Despite a 90-day window that allows Bellator to exclusively negotiate with sought-after free agent Eddie Alvarez, the promotion's CEO Bjorn Rebney doesn't expect to take nearly that long to determine whether he can strike a deal with the former lightweight champion.
In a Friday night interview with MMA Fighting, Rebney said that Bellator has made Alvarez an offer, and that Alvarez's response will determine the next step. If he accepts it, he stays in the Bellator fold where he will be prominently featured as the promotion moves to its new broadest home on Spike. And if he doesn't, Rebney will allow him to bypass the remaining 70+ days of the exclusive negotiating period and take his talents to the open market, where he will no doubt be MMA's hottest commodity.
Such a move would ultimately benefit both sides, as it would allow Alvarez to restart his career faster than expected, while it would also offer Bellator a chance to properly gauge its assets as it heads into its pivotal 2013.
While Rebney at one point in the recent past seemed to indicate the promotion was prepared to move on without Alvarez, the two sides have had multiple conversations since Alvarez defeated Patricky "Pitbull" Freire on Oct. 12, satisfying the terms of his existing contract.
The talks began in the moments after the victory, when Rebney and Alvarez sat down together at Caesars Windsor for one hour, and have continued nearly daily since then, allowing the Bellator boss to present Alvarez his vision of the future, along with contract terms and other ancillary opportunities expected to come through Bellator's new ownership group, media conglomerate Viacom.
Of course, Alvarez's decision may come down to guaranteed money. Because the UFC has already expressed an interest in Alvarez, it's quite possible that he will at least temporarily bypass the Bellator offer in hopes of negotiating with the Las Vegas-based promotion and driving up his price. While ordinarily, that would require Alvarez to wait out the 90-day exclusive rights period, Rebney is willing to waive the clause and expedite the situation if Alvarez declines their offer while indicating a desire to test the open market before making a decision.
If that happens, Rebney expects the situation to resolve itself quickly as the UFC is likely to swoop in with an offer, and Bellator will have a chance to match it.

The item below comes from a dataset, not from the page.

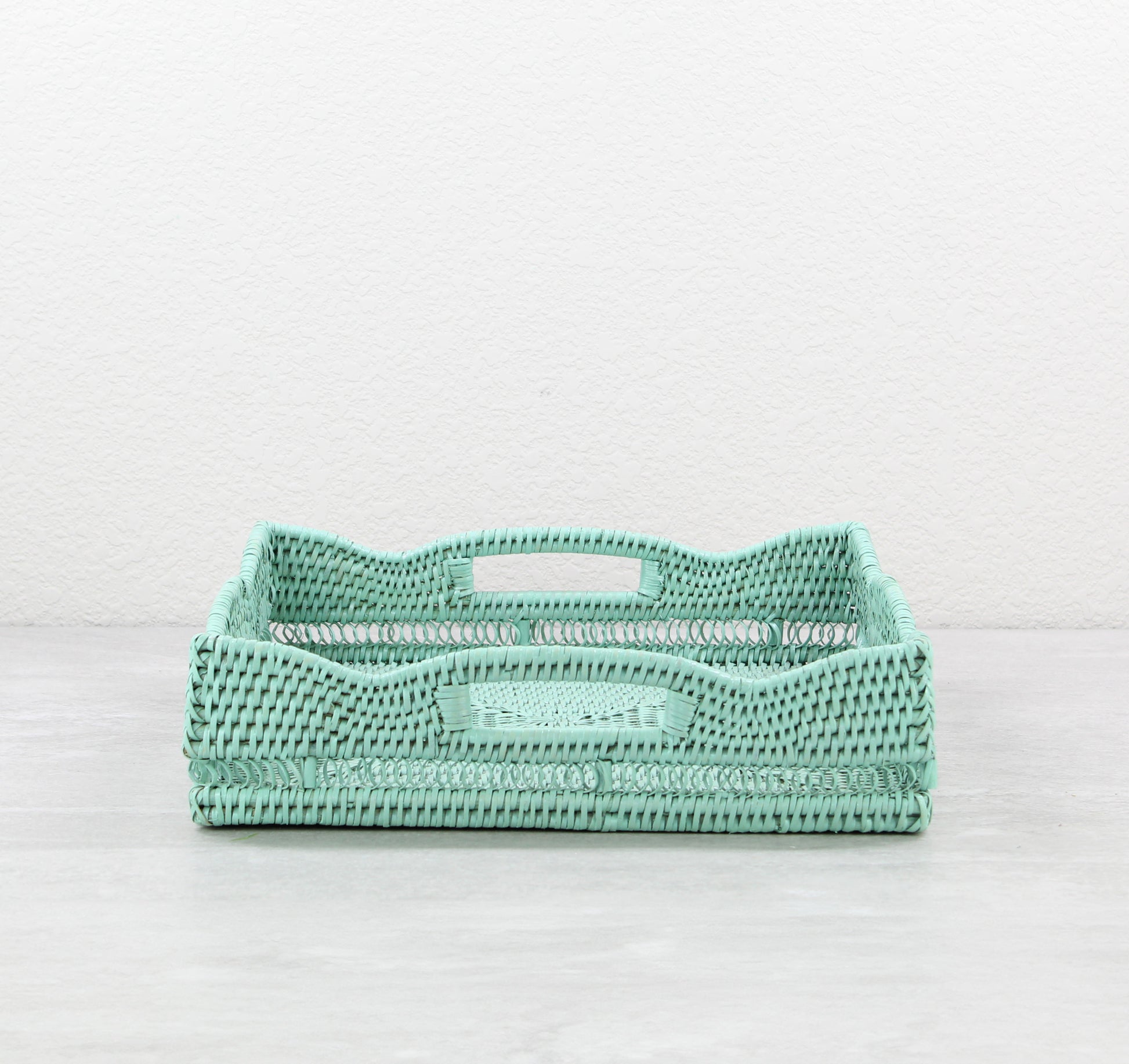 Weaved-Scalloped-Tray-Square-Small-Sustainable-Home-Organizing-Combination-022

"My read on Ed is that he's approached these talks professionally and totally in good faith," Rebney said. "He's made the effort to come sit and talk to us. He's followed up and asked a lot of questions as far as what we can do for him, the exposure we can provide and what other doors we can open. He's been very engaged. Ed's been rock-solid for us for years, and if he wants to see what they are going to offer, I'm going to let him see."
Rebney said that within 3-4 days, he expects to either be announcing that Alvarez is staying with Bellator, or that he's cutting short the exclusive rights window and setting Alvarez free to look elsewhere.
It's a situation that is all too familiar for Rebney, who went through it six months ago with Hector Lombard, who was at the time Bellator's reigning middleweight champion. In that instance, Lombard hit the open market, where he was immediately offered a lucrative deal with the UFC.
Rebney said that contract, which according to him paid Lombard a $400,000 signing bonus, a $300,000 starting purse per fight and pay-per-view participation points, was cost-prohibitive from Bellator's standpoint.
If the UFC came in with a similar offer for Alvarez, who is considered by most observers to be right around the top five lightweights in the world, it is believed that would make him the highest-paid 155-pounder in the UFC. On the other hand, Lombard's debut in the UFC was considered a disappointment, as he lost a lackluster split-decision to Tim Boetsch. That development could cause the UFC to reconsider a big-money offer for another free agent.
"It's an interesting spot," Rebney said. "We've talked about the dynamics for months about him staying or leaving. We don't make decisions based off emotions. We do our analysis and try to determine if it fits in our model. Eddie can say, 'I'm going to go see what they offer,' and if he does, there's no reason to dance. If he wants to look at what they're offering -- and I don't think that's unreasonable, by the way -- I'll open the door sooner than we're required. I'm not saying we won't come to an agreement, but even though we're having some good talks, that's what it might come down to."